Local operatives can’t help but see similarities to Democrat Jon Ossoff’s unsuccessful campaign for Georgia’s 6th Congressional District seat, a stretch of suburban territory north of Atlanta where Republicans have also long held sway. Trump only narrowly carried the Georgia district, though previous Republicans had won by huge Alabama-like margins.
Ossoff also kept national Democrats at arm’s length, though the flood of money and volunteers from liberals in the Georgia race helped energize Republicans. Alabama Democrats have made a point of asking national Democrats to steer clear of the race.
“The suburban element is now key for both parties,” said Zac McCrary, a Montgomery political operative who also worked on Ossoff’s bid. “Democrats and Republicans in Alabama, Georgia, North Carolina, Virginia — they all need to reach voters in the suburbs.”
Moore has zeroed in on his rural base as he tries to refocus his campaign away from the allegations. The Republican has slammed Jones’ support for abortion rights as an “outrageously extreme position” and criticized his backing of same-sex marriage, both popular issues among the party’s conservative supporters.
“After forty-something years of fighting this battle, I’m now facing allegations, and that’s all the press want to talk about,” Moore said at a stop early last week in Jackson, a town of about 5,000 in southeast Alabama. “I want to talk about the issues. I want to talk about where this country’s going. And if we don’t come back to God, we’re not going anywhere.”
A ‘different’ vote?
A few days later, about a dozen conservative activists and clergy members gathered at a Birmingham hotel as Moore watched from the front row to relay the same message: Moore was unfairly targeted by defenders of the status quo who manufactured false claims with the help of a complicit media to try to force him out of the race.
When one speaker asked a room full of supporters to raise their hands if any thought he would drop out of the contest, laughter erupted when not a single arm went up. Janet Porter, a friend and supporter of Moore’s who organized the event, presented the vote as nothing short of a battle against “the enemies of faith and liberty.”
“If the left can try to assassinate the character of Roy Moore,” she said, “then none of us are safe.”
And Moore, again, defied calls from a growing number of Republican leaders to step aside, singling out U.S. Senate Majority Leader Mitch McConnell.
“This is an effort by Mitch McConnell and his cronies to steal this election from the people of Alabama, and they will not stand for it,” Moore said.
Watching from the audience at that event was Brant Frost V, the chairman of the Coweta County GOP who had trekked from Georgia to lend Moore his help. He came armed with a Georgia analogy centering on former state Sen.
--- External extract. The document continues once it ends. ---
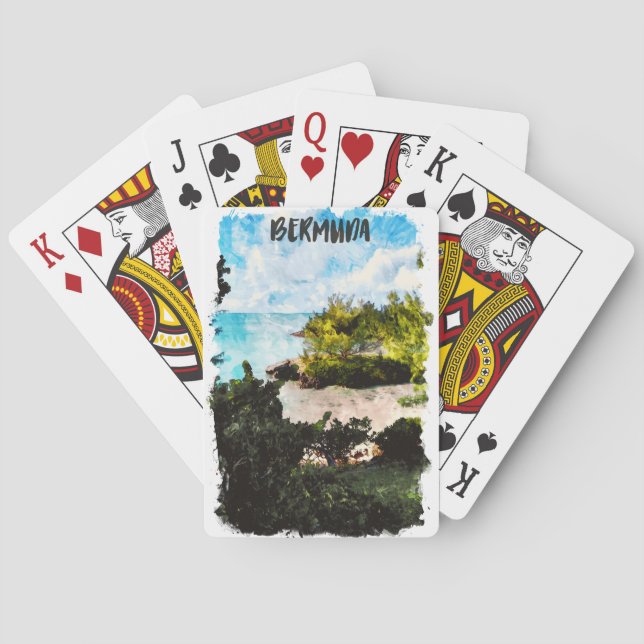 Bermuda Islands Tropical landscape Poker Cards (Back)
Vincent Fort, a liberal Democrat who won sweeping victories in the state Senate for two decades.
“What would it take to get a Fort Democrat to vote for a Republican who got his picture taken with Richard Spencer?” he asked, citing the white nationalist. “Because that’s what it’s like to get your average Republican voter in Alabama to vote for Jones. And that’s why Jones won’t win.”
And some Alabama Republicans, too, are cautioning against a panic even as several public polls show Jones with the upper hand. The RealClear Politics poll of polls shows the race is deadlocked.
Brent Buchanan, a GOP political consultant, said Moore will inevitably struggle in some suburban areas that Republicans once easily carried. But that won’t make up for Moore’s wall of support across the deep-red rural spine of Alabama, he said.
“Polling that I trust shows Moore is still ahead,” he said. “I feel that will hold through Election Day because these allegations are solidifying his support among the base.”
Jones’ backers hope Moore is lulled into a false sense of security.
“If you had asked me if Jones had a chance a few weeks ago, I’d say he didn’t have a chance,” Labovitz said. “But this is serious. And this election is different.”